La Iglesia debe mirar al mundo y los cristianos han de vivir su fe en un ámbito contemporáneo e intentar comprender siempre cuál es la actualidad del mensaje evangélico para el hombre y la mujer de hoy, sin cerrarse en postulados que eran adecuados en un determinado momento pero que tal vez no son la manera mejor de afrontar el presente. Esto no significa cambiar el mensaje evangélico, sino leerlo para la cultura a la que se dirige o, en palabras del Decreto Christus Dominus del Concilio Vaticano II, explicar la doctrina cristiana con métodos que “respondan a las dificultades y problemas que más preocupan y angustian a los hombres.” (§ 13)
En este sentido el Papa se convierte en un referente para calibrar la relación entre la teología cristiana y el mundo, y ésta es una de las razones que nos llevan a no minusvalorar la importancia del Magisterio. Por supuesto que esto no significa que Francisco pueda cambiar la Palabra de Dios ya que, al fin y al cabo, es sólo un hombre. De ninguna manera, por ejemplo, puede un Pontífice imponer una visión del matrimonio ajena a las palabras de Jesús que leemos en Mateo 19 1-12, pero sí puede (y debe) encontrar espacios en los que divorciados y homosexuales puedan sentirse acogidos y cómodos.

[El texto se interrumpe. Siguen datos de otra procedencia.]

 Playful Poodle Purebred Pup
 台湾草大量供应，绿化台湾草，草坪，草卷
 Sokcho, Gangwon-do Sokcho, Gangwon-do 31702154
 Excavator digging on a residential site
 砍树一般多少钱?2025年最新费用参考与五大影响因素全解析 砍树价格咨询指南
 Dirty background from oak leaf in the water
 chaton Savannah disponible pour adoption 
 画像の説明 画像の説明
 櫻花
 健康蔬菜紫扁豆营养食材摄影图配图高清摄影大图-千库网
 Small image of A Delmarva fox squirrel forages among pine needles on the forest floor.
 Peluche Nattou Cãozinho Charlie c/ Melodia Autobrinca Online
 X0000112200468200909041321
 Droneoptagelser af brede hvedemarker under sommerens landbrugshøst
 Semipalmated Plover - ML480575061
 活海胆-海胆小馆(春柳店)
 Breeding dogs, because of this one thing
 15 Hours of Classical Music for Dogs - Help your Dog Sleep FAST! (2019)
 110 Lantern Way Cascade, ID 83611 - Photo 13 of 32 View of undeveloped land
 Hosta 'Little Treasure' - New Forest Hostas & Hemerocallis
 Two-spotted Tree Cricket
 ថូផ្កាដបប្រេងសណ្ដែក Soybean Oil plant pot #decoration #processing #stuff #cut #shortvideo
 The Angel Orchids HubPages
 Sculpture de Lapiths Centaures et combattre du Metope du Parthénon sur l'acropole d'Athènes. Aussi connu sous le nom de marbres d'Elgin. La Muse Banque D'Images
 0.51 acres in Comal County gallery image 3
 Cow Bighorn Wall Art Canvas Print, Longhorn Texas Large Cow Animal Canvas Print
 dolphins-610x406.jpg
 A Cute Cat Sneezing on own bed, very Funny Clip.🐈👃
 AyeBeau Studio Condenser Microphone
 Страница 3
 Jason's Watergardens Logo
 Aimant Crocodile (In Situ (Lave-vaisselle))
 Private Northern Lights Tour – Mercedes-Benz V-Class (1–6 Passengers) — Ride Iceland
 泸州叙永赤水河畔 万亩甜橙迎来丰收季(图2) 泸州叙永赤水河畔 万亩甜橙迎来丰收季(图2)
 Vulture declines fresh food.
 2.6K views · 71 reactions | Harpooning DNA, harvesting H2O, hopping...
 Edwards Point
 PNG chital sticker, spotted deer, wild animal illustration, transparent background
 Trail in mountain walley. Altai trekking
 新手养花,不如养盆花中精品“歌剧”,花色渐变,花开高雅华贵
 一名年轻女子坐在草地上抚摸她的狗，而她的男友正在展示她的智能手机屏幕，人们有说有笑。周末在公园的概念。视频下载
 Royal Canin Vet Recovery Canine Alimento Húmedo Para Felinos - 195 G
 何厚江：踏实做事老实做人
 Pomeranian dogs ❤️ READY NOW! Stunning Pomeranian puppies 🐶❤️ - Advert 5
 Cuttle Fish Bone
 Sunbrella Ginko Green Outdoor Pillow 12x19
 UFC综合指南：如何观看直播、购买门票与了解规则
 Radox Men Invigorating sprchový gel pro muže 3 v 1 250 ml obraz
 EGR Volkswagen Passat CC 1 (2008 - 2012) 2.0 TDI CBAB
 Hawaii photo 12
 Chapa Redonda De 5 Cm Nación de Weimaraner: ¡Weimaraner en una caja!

El Papa ha iniciado un proceso de apertura que incluye debatir en público determinadas posiciones eclesiales que son hoy difíciles de asumir para mucha gente incluyendo, sería absurdo ocultarlo, a tantos que se consideran católicos. Esto no debe asustarnos. Lo que tendría que darnos miedo es que los cristianos no se preocuparan de las dificultades vitales que tiene cada época y asistieran pasivamente a una incomprensión general de su fe.
Por eso no nos debe molestar que existan diferencias o discusiones dentro de la Iglesia. Más bien tenemos que cuidarnos de mirar la realidad desde la luz de Cristo para poder amarla y entenderla, acogiendo a los demás y a sus puntos de vista con cariño y sabiduría, así como de no quedar encerrados en una visión ideológica que nos alejaría de la Presencia del Señor, que es quien hace nuevas todas las cosas.